### EXERCISE DESCRIPTION
The result is the exact lines from the one containing "Peluche bébé sweety" through the final line of the entries; leave out the pictures.
>>>>
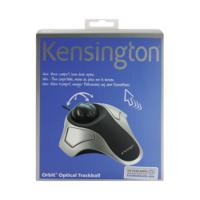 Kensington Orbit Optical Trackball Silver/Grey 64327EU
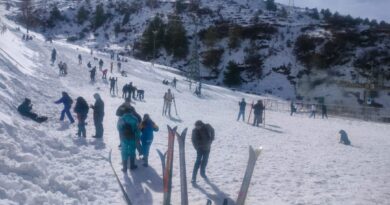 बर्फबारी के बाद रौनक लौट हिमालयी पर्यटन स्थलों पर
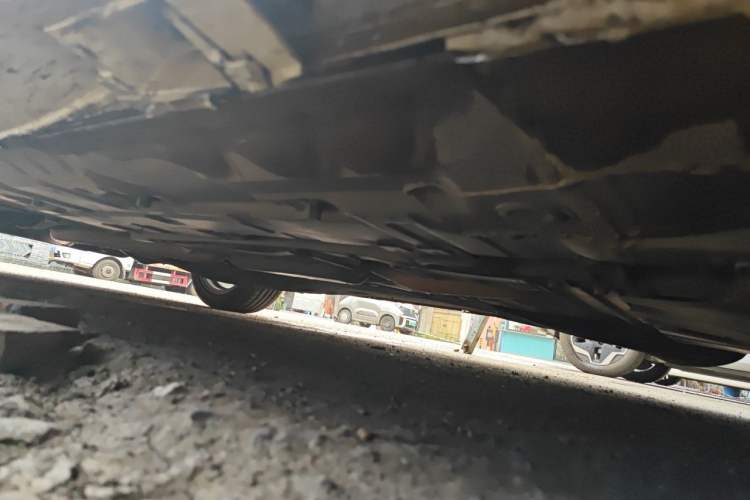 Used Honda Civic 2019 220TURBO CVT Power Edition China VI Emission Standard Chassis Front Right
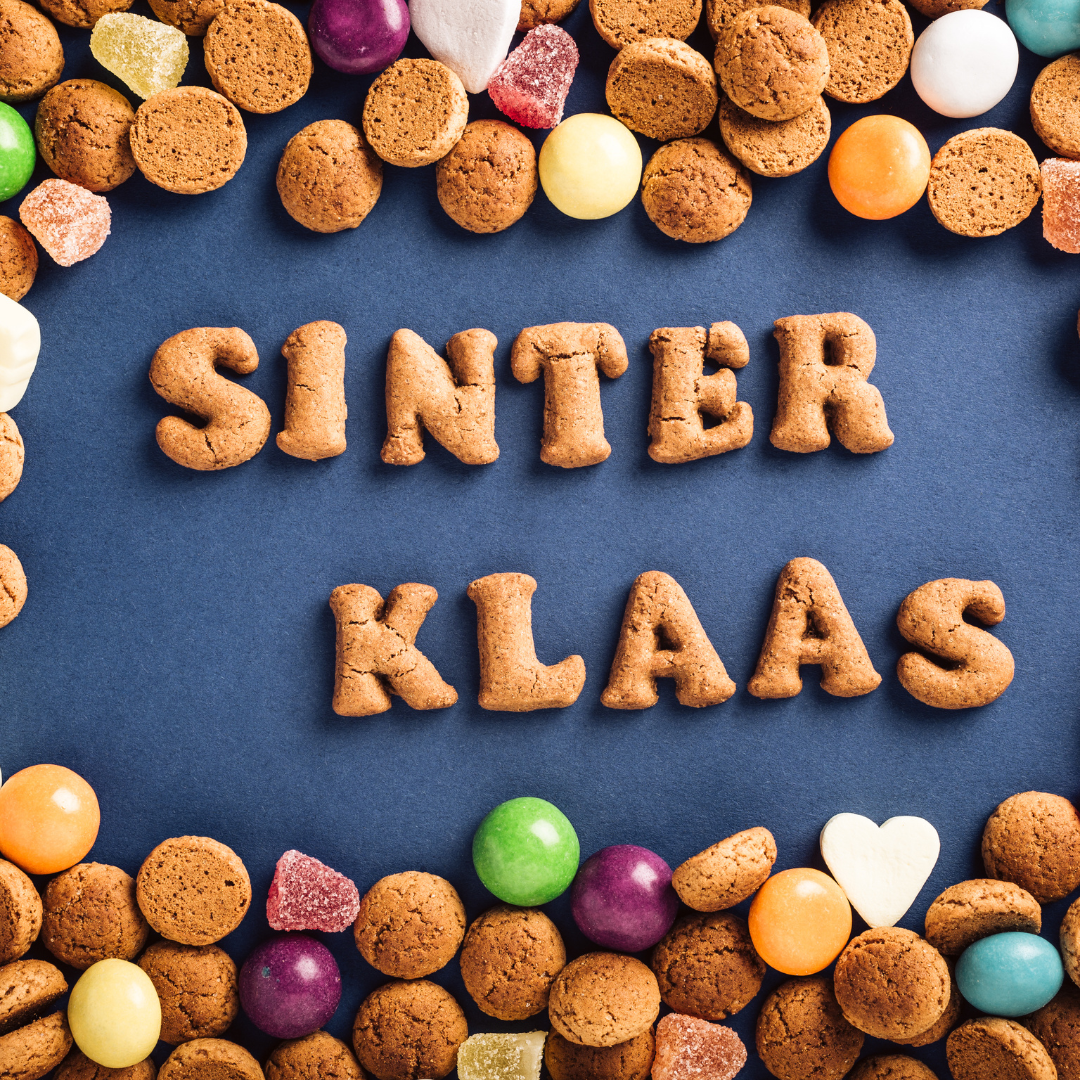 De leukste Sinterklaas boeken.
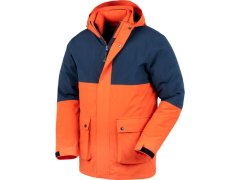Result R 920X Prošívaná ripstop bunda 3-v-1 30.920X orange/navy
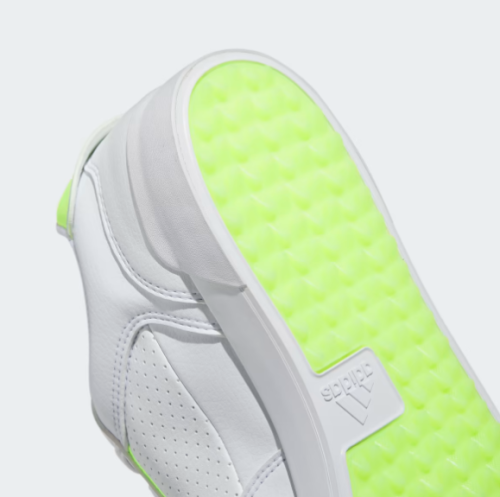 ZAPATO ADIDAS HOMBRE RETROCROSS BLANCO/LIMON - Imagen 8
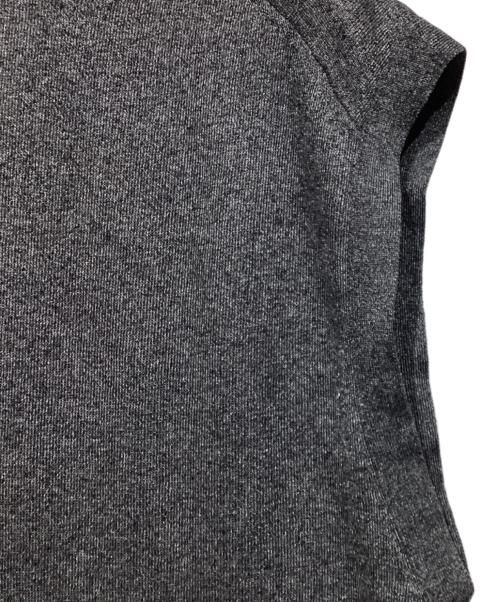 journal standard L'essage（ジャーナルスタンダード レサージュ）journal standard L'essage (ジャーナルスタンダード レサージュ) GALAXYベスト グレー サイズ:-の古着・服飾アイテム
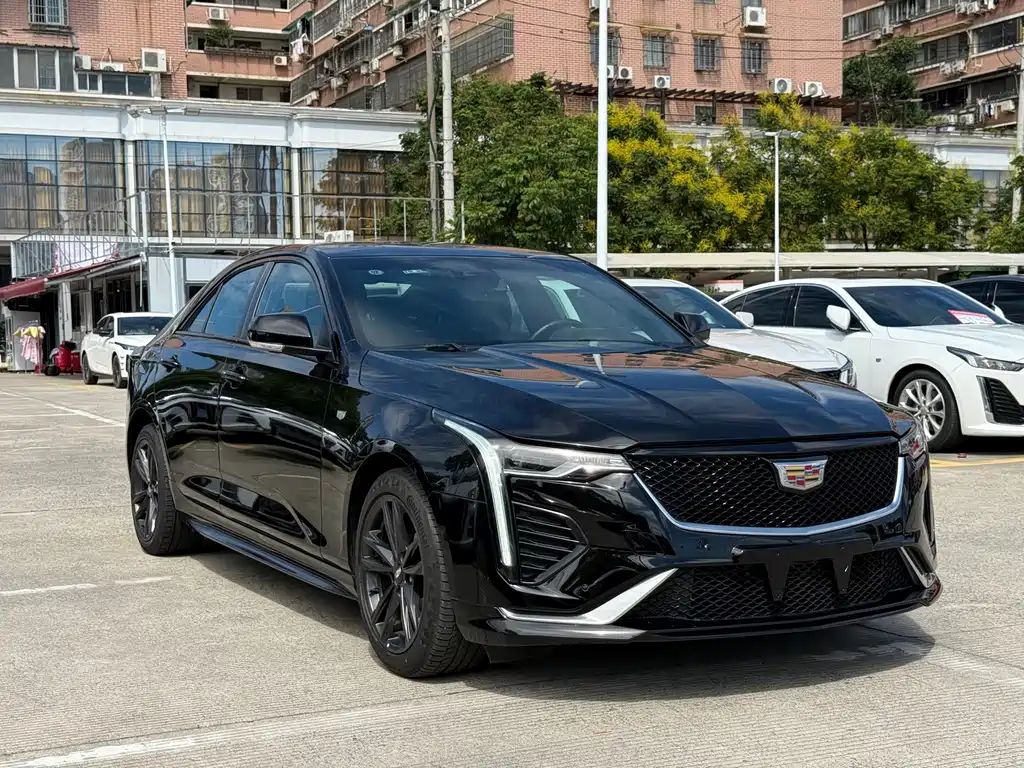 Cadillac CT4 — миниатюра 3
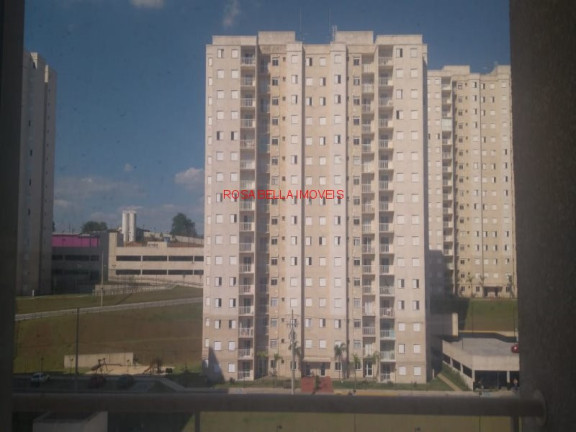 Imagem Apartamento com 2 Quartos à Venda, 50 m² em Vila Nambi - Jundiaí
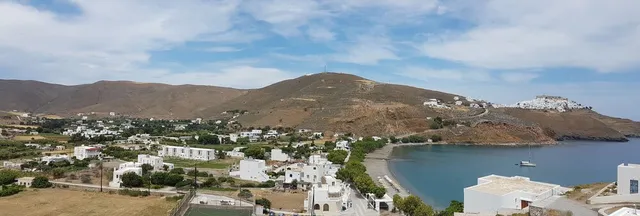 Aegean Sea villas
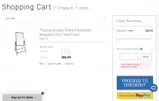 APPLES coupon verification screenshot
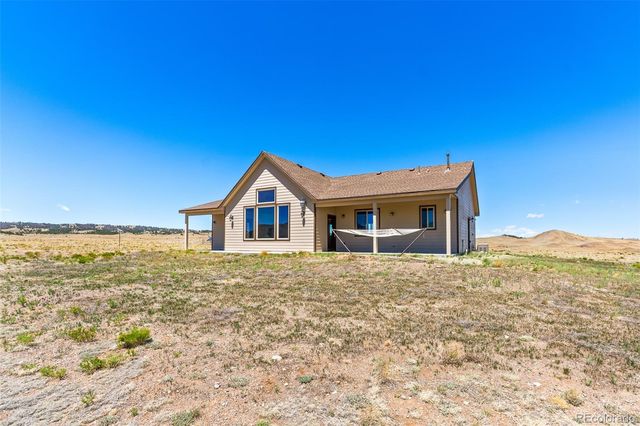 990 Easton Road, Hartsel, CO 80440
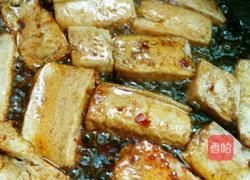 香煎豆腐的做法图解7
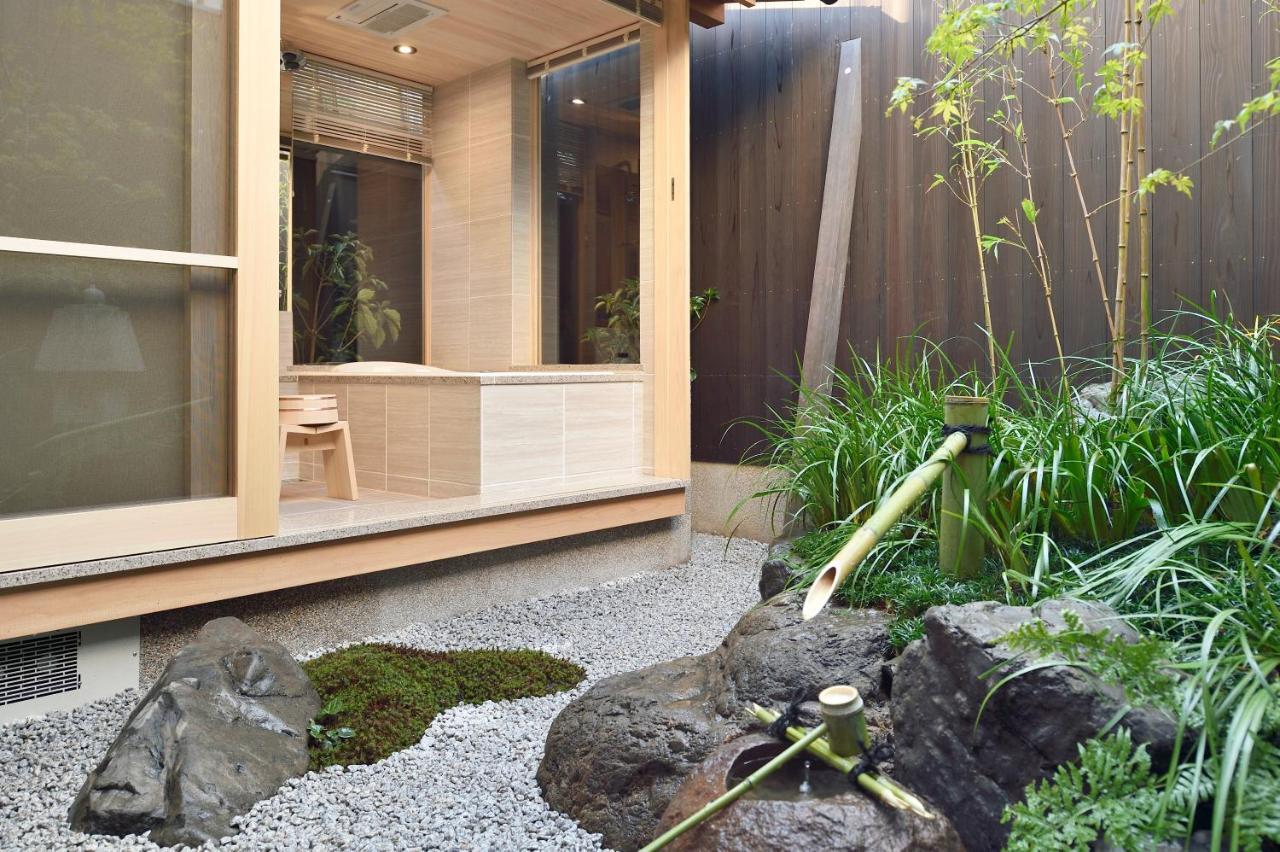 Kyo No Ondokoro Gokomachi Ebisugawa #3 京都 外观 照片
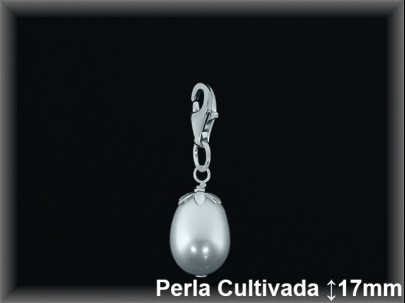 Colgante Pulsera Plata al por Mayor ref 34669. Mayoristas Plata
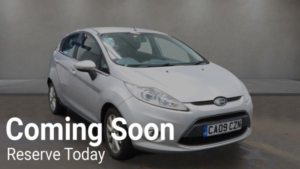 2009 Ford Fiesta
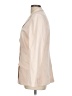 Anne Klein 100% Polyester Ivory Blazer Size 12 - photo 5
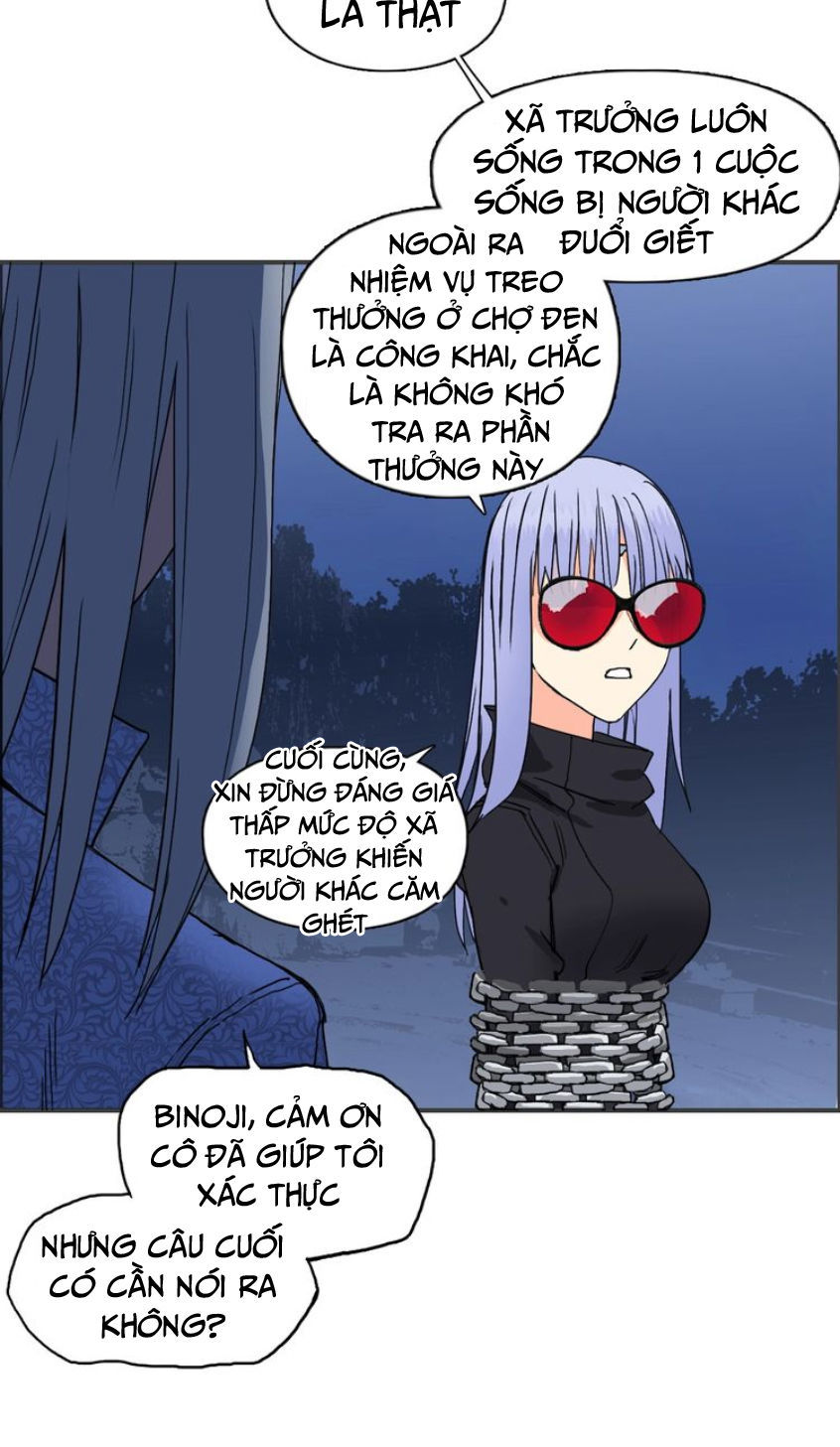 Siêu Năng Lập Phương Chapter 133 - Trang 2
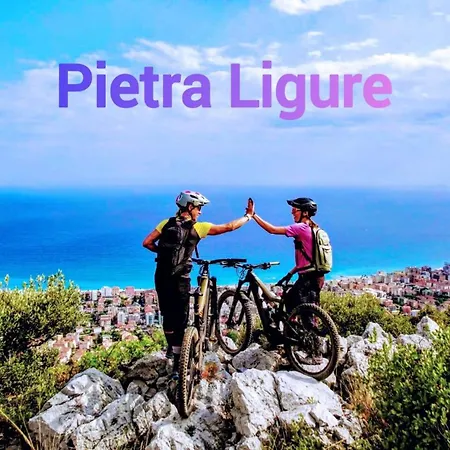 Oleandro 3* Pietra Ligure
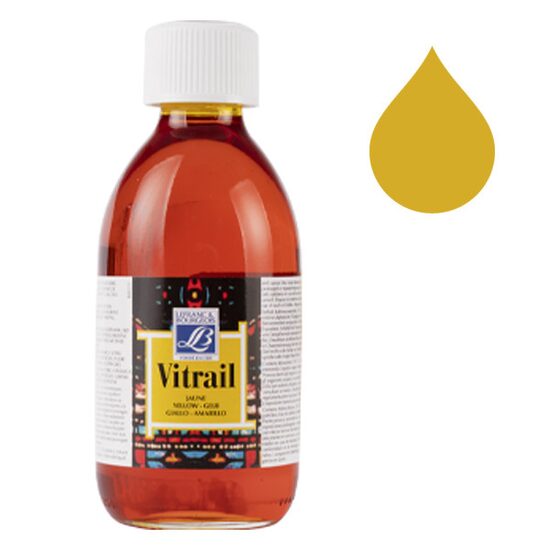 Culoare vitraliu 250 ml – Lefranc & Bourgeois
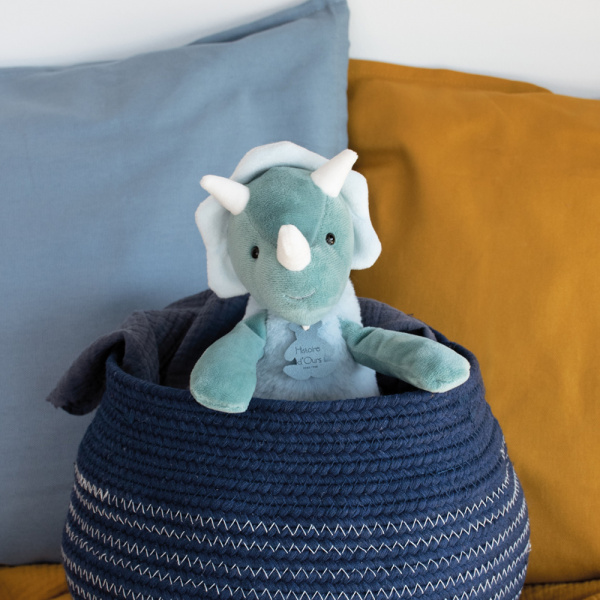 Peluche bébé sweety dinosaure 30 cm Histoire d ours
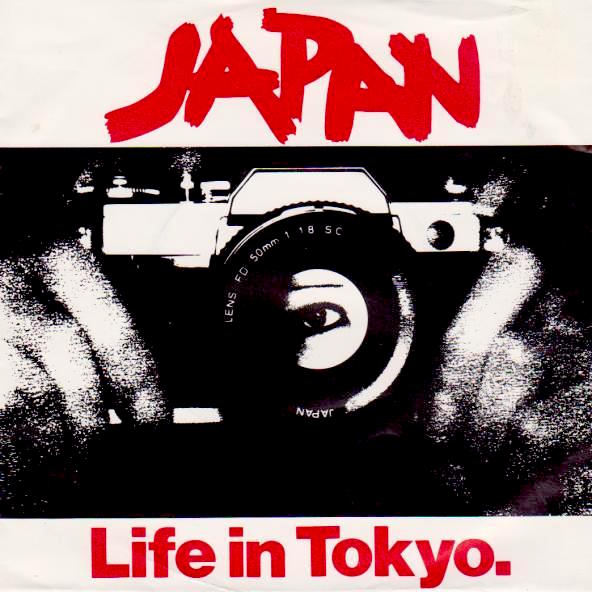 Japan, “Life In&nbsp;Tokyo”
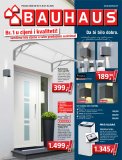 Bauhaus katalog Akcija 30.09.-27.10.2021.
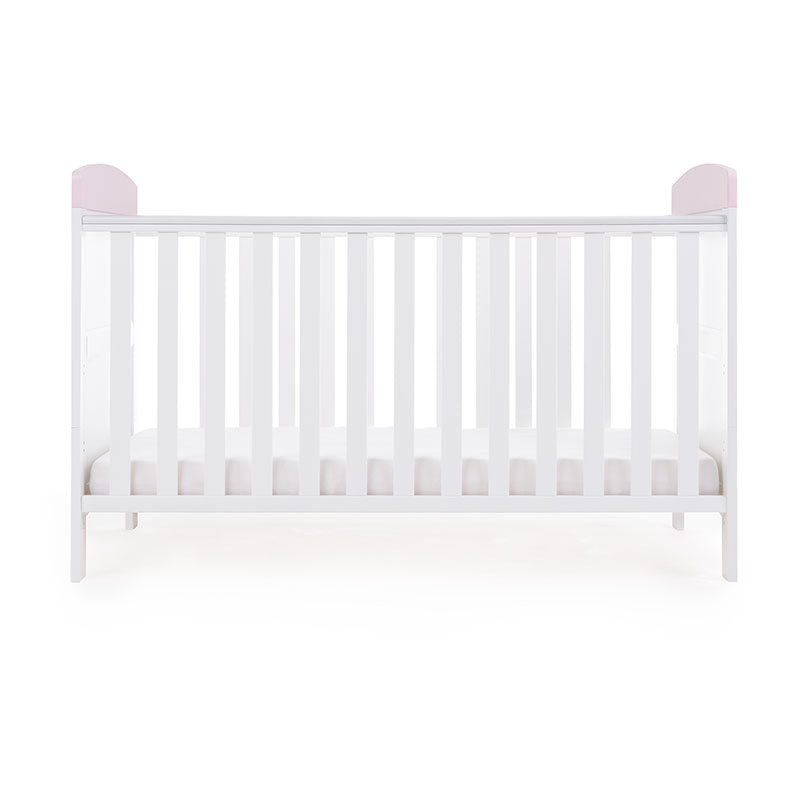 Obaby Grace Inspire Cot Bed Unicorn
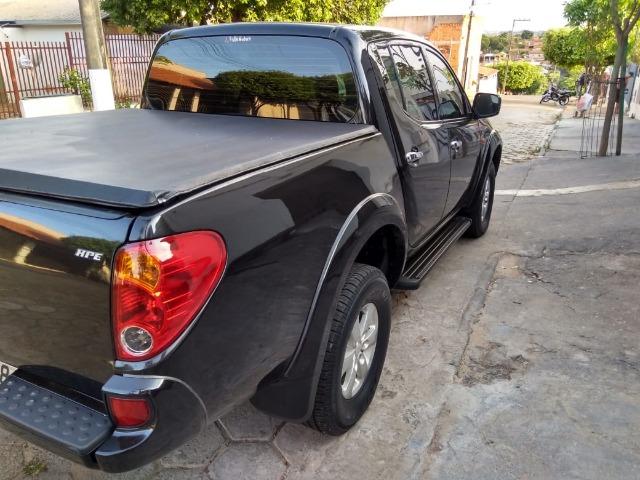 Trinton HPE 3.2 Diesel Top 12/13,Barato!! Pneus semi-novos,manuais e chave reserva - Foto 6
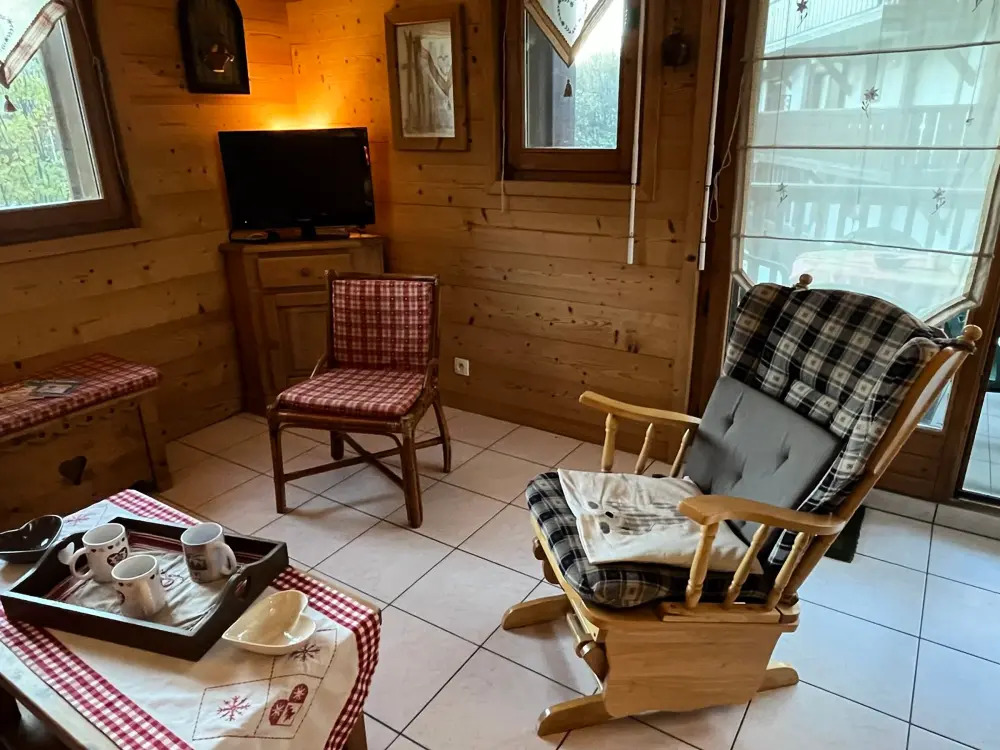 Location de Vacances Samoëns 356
<<<<
### RESPONSE BOX
 Peluche bébé sweety dinosaure 30 cm Histoire d ours
 Japan, “Life In&nbsp;Tokyo”
 Bauhaus katalog Akcija 30.09.-27.10.2021.
 Obaby Grace Inspire Cot Bed Unicorn
 Trinton HPE 3.2 Diesel Top 12/13,Barato!! Pneus semi-novos,manuais e chave reserva - Foto 6
 Location de Vacances Samoëns 356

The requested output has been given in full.